Singapore Changi Airport - Singapore: Rest assured, if you’re stuck in the Singapore Changi Airport you’ll have plenty to do before your next flight. For starters, grab a nap in one of the napping centers located in Terminals 1 and 2. Rates vary based on occupied space, but it might be worth the price to keep the kids on a napping schedule. Also in Terminal 1 is a swimming pool open to all travelers in Singapore airport. Bring your swimsuit with you and you’ll get towels and shower amenities at the pool. In addition to nap rooms and a full-size pool, the Singapore airport features plenty of areas for kids to explore.

Located in Terminal 1 are The Bamboo Garden and the Cactus Garden. The Bamboo Garden feature five species of bamboo, and is near gate D46 on Level 2. The Cactus Garden, voted Singapore’s best rooftop garden in the 2001 Singapore Garden City Award, showcases more than 40 species of cacti. The cacti are located next to Harry’s Bar on Level 3. If your kids need more stimulation, head to the Explorers Lounge, which features entertainment programs from the Discovery Channel and National Geographic. The lounge is also located on Level 3. For entertainment fun 24-7, head to the Nexus Lounge and let the plasma TV’s and free Internet service engage you and the kids. There is also a movie lounge in Terminal 1 on Level 3.

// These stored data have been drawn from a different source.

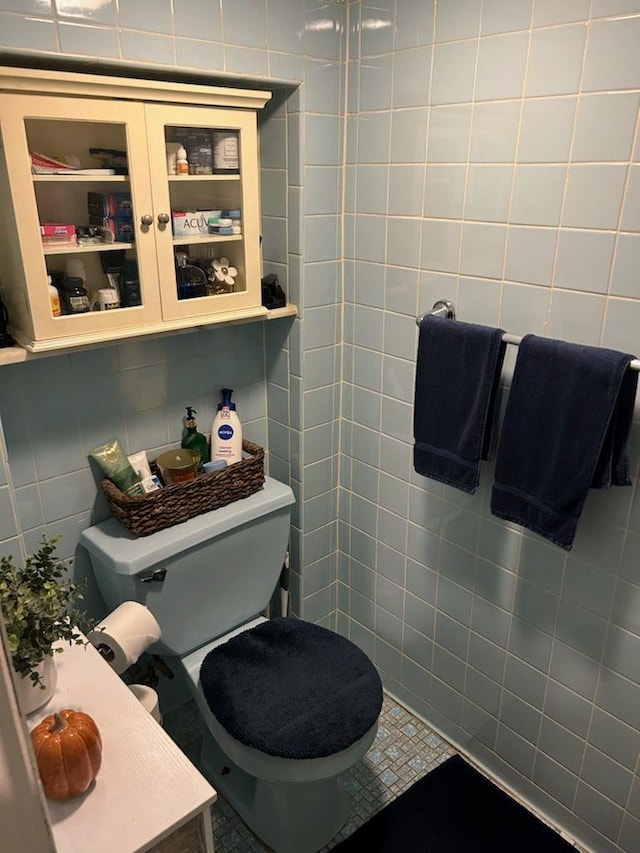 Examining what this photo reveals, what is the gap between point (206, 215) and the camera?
1515 mm

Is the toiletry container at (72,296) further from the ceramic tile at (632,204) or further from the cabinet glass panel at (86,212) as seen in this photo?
the ceramic tile at (632,204)

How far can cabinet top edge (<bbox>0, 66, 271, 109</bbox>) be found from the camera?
1.14 meters

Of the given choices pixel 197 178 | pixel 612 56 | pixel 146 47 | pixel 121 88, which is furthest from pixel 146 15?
pixel 612 56

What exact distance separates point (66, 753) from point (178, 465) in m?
0.81

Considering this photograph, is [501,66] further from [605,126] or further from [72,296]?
[72,296]

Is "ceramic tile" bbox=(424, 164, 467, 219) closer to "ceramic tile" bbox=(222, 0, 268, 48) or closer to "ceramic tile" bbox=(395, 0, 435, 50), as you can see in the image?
"ceramic tile" bbox=(395, 0, 435, 50)

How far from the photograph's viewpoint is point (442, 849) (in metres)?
1.61

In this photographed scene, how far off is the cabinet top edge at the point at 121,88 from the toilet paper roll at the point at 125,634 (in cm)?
104

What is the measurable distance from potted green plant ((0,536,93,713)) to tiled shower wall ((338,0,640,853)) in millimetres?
980

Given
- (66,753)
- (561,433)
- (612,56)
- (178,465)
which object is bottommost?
(66,753)

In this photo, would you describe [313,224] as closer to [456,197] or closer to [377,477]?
[456,197]

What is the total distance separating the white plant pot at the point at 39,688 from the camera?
1.08m

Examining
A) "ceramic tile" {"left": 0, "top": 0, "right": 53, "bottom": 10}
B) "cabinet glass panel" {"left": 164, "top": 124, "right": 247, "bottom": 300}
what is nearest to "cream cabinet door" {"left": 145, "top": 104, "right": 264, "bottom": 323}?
"cabinet glass panel" {"left": 164, "top": 124, "right": 247, "bottom": 300}

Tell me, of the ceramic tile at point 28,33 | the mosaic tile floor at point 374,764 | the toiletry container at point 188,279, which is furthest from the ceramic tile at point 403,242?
the mosaic tile floor at point 374,764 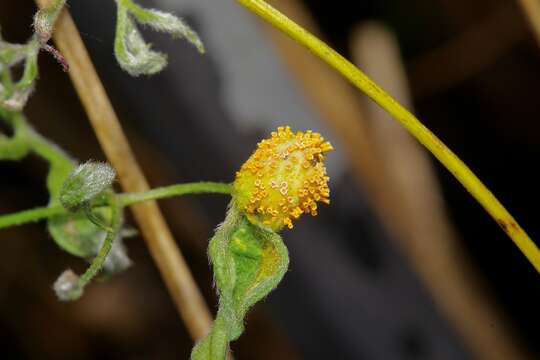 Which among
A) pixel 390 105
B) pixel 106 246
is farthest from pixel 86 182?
pixel 390 105

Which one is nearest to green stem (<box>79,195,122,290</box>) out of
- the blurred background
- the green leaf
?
the green leaf

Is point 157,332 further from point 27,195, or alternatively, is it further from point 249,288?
point 249,288

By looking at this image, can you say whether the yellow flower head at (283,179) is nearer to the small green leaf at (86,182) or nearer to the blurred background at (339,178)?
the small green leaf at (86,182)

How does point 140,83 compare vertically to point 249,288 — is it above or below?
above

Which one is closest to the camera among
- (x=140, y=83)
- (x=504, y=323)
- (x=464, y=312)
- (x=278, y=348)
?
(x=140, y=83)

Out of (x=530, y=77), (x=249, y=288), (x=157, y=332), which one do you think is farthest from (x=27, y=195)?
(x=249, y=288)

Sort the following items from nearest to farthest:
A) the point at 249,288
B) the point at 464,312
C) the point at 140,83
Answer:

There’s just as much to do and see in Terminal 2. For starters, walk through the Fern Garden, where you can enjoy dozens of ferns and amazing landscapes. Find inner-peace and quiet in the Koi Pond, where kids can watch the colorful freshwater fish and flowing waterfalls. The Fern Garden and Koi Pond are located on Level 2. The Orchid Garden – a Singapore favorite – features 15 species of orchids and the Singapore national flower, Vanda Miss Joaquim. The Orchid Garden is near the Pacific Coffee café on Level 2. What kid doesn’t love sunflowers? Visit the Sunflower Garden for an upbeat walk among hundreds of sunny flowers. The sunflowers are located on Level 3.

Also on Level 3 is the entertainment area, which features a 24-hour movie theater and gaming station featuring Microsoft Xbox games. For longer layovers, take a trip though Shopping City, Singapore airport’s own shopping center filled with more than 300 retail stores. Recently opened is Terminal 3, where families can enjoy a state-of-the-art fitness center including a swimming pool and natural retreat full of sandstone art and waterfalls.